[Dataset excerpts]
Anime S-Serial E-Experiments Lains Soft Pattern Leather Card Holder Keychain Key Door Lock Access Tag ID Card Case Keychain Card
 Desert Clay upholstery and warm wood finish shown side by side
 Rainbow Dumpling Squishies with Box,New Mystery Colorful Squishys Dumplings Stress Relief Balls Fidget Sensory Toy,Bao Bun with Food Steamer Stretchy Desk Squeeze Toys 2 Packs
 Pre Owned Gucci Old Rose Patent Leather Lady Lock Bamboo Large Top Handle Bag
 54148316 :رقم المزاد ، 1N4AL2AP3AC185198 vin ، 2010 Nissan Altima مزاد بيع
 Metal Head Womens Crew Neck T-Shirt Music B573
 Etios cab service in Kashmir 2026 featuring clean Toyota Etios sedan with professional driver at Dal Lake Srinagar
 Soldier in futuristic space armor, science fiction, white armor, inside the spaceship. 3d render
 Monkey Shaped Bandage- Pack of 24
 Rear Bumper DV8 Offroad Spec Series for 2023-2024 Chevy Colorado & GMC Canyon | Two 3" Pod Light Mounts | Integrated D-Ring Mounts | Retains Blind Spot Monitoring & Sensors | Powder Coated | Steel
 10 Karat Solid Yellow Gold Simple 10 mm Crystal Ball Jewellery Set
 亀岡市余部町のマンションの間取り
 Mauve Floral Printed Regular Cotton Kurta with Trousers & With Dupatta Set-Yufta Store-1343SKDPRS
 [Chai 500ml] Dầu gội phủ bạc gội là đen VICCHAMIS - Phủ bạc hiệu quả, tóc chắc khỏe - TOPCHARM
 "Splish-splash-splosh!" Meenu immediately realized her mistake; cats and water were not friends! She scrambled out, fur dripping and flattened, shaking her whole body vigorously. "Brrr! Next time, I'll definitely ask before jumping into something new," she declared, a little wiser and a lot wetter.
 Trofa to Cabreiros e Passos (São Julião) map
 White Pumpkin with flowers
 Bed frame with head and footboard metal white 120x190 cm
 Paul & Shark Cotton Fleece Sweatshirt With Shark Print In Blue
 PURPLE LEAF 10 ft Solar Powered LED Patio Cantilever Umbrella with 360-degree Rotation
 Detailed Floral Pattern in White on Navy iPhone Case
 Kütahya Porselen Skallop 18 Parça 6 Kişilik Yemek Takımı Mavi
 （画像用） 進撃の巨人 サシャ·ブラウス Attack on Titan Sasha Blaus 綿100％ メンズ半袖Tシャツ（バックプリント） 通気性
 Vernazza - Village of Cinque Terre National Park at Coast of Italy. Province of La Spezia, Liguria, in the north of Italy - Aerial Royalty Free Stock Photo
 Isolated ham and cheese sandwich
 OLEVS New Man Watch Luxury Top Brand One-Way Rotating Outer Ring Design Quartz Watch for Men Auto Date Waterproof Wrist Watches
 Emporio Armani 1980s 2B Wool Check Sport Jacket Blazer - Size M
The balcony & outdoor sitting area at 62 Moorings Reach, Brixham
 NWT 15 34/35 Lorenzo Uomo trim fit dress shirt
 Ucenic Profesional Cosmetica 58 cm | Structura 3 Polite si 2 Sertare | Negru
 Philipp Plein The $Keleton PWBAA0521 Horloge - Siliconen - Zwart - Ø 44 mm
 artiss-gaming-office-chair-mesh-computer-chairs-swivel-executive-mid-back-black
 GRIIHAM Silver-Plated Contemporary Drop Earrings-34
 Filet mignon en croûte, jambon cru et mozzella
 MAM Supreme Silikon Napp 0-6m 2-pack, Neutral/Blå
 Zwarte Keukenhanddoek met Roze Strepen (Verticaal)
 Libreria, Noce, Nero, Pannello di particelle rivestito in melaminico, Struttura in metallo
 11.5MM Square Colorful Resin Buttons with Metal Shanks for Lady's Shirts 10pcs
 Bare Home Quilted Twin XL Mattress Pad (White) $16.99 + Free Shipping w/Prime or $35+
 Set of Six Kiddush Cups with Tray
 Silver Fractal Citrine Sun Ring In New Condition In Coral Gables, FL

Exercise prompt:
Copy every line from the data that includes the string "Free".

Output for this task:
 Vernazza - Village of Cinque Terre National Park at Coast of Italy. Province of La Spezia, Liguria, in the north of Italy - Aerial Royalty Free Stock Photo
 Bare Home Quilted Twin XL Mattress Pad (White) $16.99 + Free Shipping w/Prime or $35+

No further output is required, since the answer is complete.